Below this sentence is a listing; return exactly its lines from the one with "Lovewins live cam on BongaCams" to the one with "Certified 2025 Mercedes-Benz", both kept, and nothing more.

### Listed records ###

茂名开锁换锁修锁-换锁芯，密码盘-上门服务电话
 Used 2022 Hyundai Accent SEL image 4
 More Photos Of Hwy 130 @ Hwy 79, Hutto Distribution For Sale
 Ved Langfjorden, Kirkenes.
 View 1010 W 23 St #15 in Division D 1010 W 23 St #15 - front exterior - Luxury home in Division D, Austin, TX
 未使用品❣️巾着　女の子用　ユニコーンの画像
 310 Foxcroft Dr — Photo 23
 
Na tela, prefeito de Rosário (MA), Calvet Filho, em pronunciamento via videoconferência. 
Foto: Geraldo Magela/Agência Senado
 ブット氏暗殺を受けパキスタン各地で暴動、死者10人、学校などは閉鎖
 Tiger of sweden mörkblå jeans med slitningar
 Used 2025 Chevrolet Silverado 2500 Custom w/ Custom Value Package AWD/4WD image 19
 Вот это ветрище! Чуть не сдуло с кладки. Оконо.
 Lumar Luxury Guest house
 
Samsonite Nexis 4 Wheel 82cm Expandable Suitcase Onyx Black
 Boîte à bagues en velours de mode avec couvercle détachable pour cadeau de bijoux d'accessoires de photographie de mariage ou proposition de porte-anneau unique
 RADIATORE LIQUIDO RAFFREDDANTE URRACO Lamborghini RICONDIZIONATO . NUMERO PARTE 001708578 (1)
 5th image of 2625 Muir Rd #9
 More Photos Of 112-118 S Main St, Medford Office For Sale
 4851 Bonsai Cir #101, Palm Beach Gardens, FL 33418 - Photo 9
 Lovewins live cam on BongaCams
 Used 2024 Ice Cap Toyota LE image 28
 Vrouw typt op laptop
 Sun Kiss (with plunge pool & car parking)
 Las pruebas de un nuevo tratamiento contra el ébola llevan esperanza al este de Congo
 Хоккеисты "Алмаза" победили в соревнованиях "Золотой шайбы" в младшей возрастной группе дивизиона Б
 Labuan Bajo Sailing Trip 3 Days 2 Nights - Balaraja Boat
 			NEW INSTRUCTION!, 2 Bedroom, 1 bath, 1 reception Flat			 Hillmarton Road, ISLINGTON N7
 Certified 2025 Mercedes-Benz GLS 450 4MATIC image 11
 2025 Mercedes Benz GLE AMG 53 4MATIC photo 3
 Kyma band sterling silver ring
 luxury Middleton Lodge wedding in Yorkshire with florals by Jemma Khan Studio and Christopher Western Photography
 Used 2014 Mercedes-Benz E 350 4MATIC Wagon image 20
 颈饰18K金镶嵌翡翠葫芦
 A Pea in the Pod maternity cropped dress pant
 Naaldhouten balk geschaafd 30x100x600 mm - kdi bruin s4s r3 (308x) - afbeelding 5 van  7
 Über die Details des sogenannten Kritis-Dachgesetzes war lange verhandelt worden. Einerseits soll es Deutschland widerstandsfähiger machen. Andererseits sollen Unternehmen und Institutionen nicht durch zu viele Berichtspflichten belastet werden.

###

Problem solution:
 Lovewins live cam on BongaCams
 Used 2024 Ice Cap Toyota LE image 28
 Vrouw typt op laptop
 Sun Kiss (with plunge pool & car parking)
 Las pruebas de un nuevo tratamiento contra el ébola llevan esperanza al este de Congo
 Хоккеисты "Алмаза" победили в соревнованиях "Золотой шайбы" в младшей возрастной группе дивизиона Б
 Labuan Bajo Sailing Trip 3 Days 2 Nights - Balaraja Boat
 			NEW INSTRUCTION!, 2 Bedroom, 1 bath, 1 reception Flat			 Hillmarton Road, ISLINGTON N7
 Certified 2025 Mercedes-Benz GLS 450 4MATIC image 11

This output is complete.